The only constant in the news media world is change. And today it is happening at a pace that demands publishers understand what’s in store — and take immediate action.
Señor drew information from the Innovation in Media 2022/23 World Report, for which was an editor. He provided some of the key findings from that report and used them as a springboard for developing future-proofed strategies.
Media publishers must get ready for the world of Web 3.0, which is being touted as the future of the Internet and is being built using new technologies such as blockchain and decentralisation. While much of it still remains a mystery, Señor said there are certain things publishers must do now to be part of that new frontier.
“This is not just about the metaverse; it is about rethinking the Web as we know it,” he said. “The news site as we know it may disappear in the Web 3 world.”
He declared this a new beginning and said the changes will be profound and irreversible. To keep from being left behind, publishers must adopt a first-party data strategy.
“2023 is the year digital advertising changes forever,” Señor said, referencing Google’s phase-out of third-party cookies. “The shift is epochal, and it is coming fast in 2024.”
Preparing for what’s next
Until now, publishers have been running what Señor called “blind digital businesses” and lacked a direct relationship with their audiences.
That needs to end now, and the way to remove the blinders is through data: “If you have their data, you can have an informed direct relationship,” he said. “Control what you offer, what you charge, and what’s next.”
As publishers prepare for the future, Señor said there are five specific innovations to adopt. All of them can help extend reach and revenue — as well as keeping news media companies in the game.
Somehow, newsletters have become a business model of their own, and Señor referred to them as “conversion monsters.”
“Newsletters have proven to be the most versatile tool in the publishers’ arsenal,” he noted. “That’s because, at the end of the day, e-mail is still the best thing for people. It’s personal, it comes to you, and it’s something people check.”

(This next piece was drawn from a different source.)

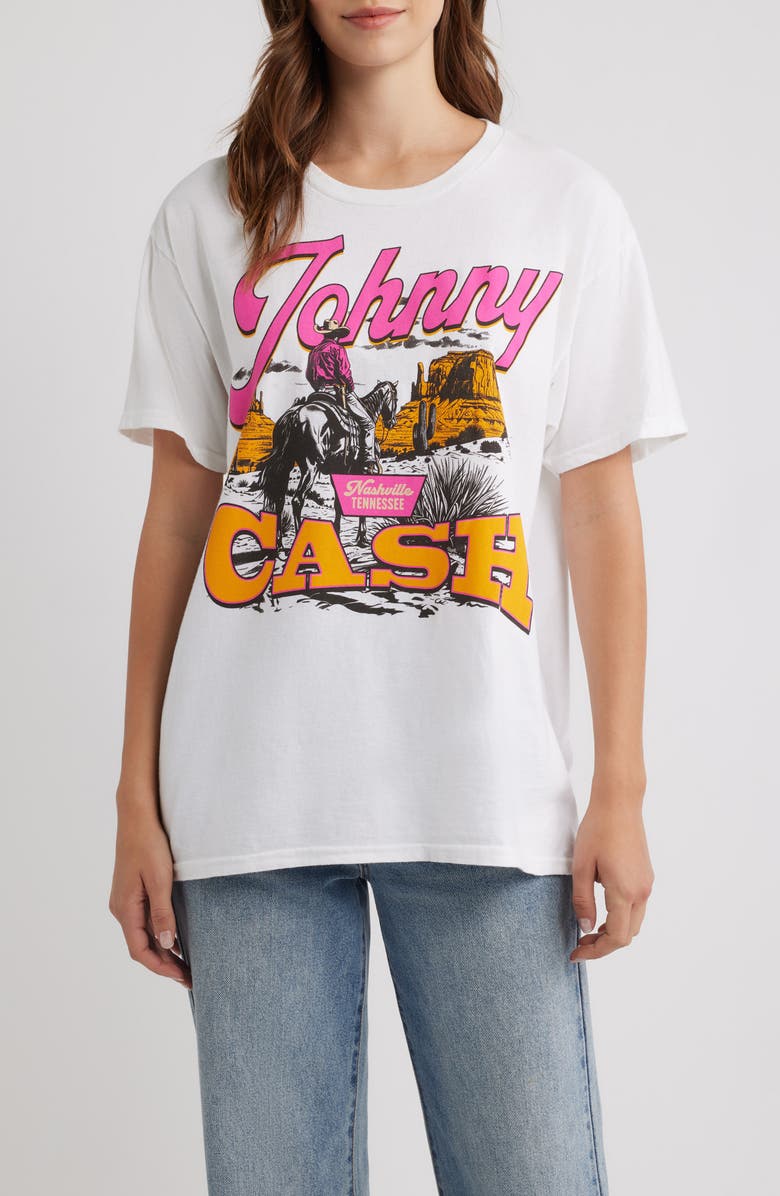 Merch Traffic Johnny Cash Graphic T-Shirt, Main, color, White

When done properly, newsletters are welcomed by readers. They can promote causes, provide analyses of complex topics, provide important information in a timely manner, and generate revenue. “And it’s a key driver for collecting first-party data.”
Although broadcast companies have experienced a drop in listeners, podcast is experiencing a boom—and advertising is following. In May, the number of podcast advertisers grew by 42% in the United States, and the next revenue model could involve listeners paying for audio.

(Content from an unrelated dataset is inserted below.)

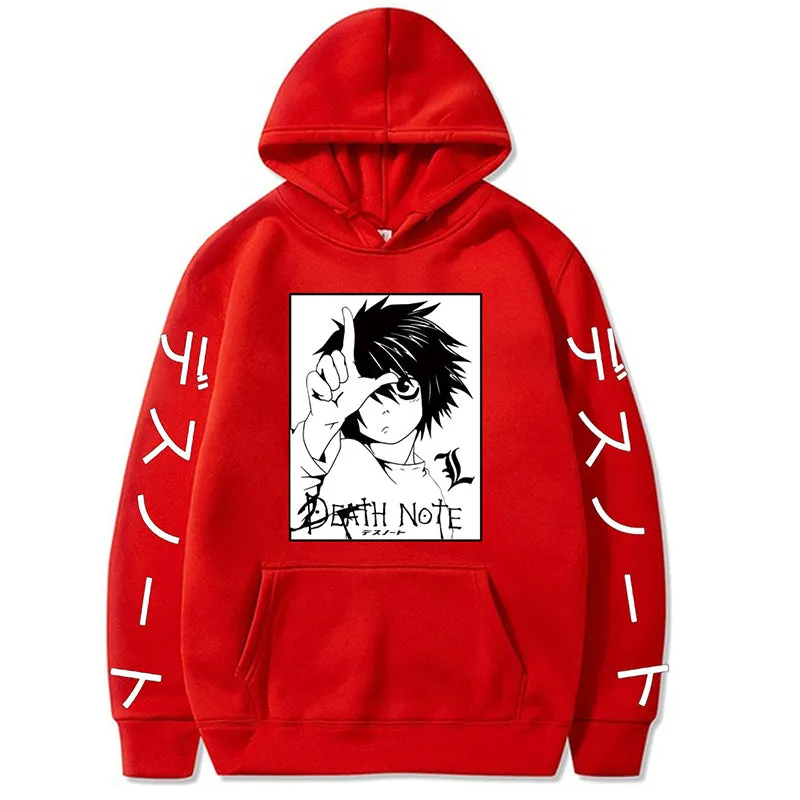 Death Note Anime Letter Printed Hoodie Oversized Hoodie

“The great insight that we’ve seen is that people are not just willing to consume it, but they are now willing to pay for a podcast, too,” he said. His findings indicate 20% of listeners are “somewhat” or “very likely” to pay for a podcast subscription in the next 12 months.
“Not too many are willing to pay for newsletters, but they will pay for podcasts. The podcast subscription revenue model is here.”

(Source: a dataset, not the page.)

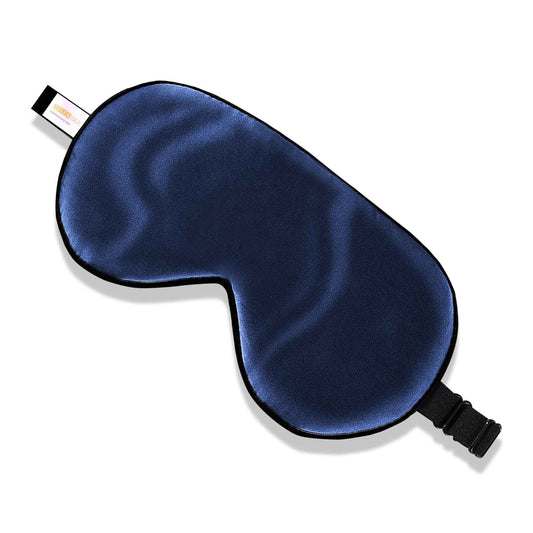 ZIMASILK 100% Mulberry Silk Sleep Mask with Adjustable Strap, Super-Smooth Soft Natural Silk Eye Mask for Sleep, Multiple Color Options(Navy Blue)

The podcast habit was driven by the pandemic and has given birth to another listening trend: audio stories.
He pointed to Zetland, which started offering audio versions of its stories and, in just two months, saw 40% of its consumption come through audio. Six months in, that number had grown to 50%, and today 80% of content consumption is via audio. INMA recently visited Zetland during its study tour portion of Media Innovation Week in Copenhagen.
“Now when you offer this as part of a subscription, people love it and expect to not just read the story but listen to it. And the great thing about this innovation is that it doesn’t cost that much money anymore.”
AI + news
Artificial Intelligence is working its way into newsrooms, with robots providing reporting services — but Señor noted there are limitations.
“What we see is AI and machines are basically writing full articles, but mostly for reportorial journalism,” he said. This can include things like sports stories and real estate listings, and it can free up journalists’ time and allow them to focus on other stories.
AI also is useful in gaining insights into readers’ habits and improving engagement, but it lacks one thing human editors bring to the table: conscience. And conscience, he said, is the essence of intelligence.
“It cannot replace the human insight in terms of what is a good story and what is not a good story,” he said. “Technology is a means, not an end. You still have to listen more to your editors and to human intelligence than you do to Artificial Intelligence.”
Advertising is no longer a viable form of sustainability for news media companies, and paywalls should be looked at as tools for retention and revenue.
“You need to charge for content,” Señor said. “You really must abandon display advertising.”
Data visualisations became an incredibly popular form of storytelling during the pandemic and were major drivers of subscriptions, Señor said. The combination of testimonials and data sets allows news media outlets to tell a story in a new and specific way, and when the data is available to everyone, its reach and impact are even greater.
These five innovations are critical to preparing for Web3, but they are not the only actions publishers need to take as they plan for the future. Señor said there is one strategy that also is critical for all news media companies to implement immediately:
“Re-invest in quality journalism,” he said. “Because only journalism will save journalism.”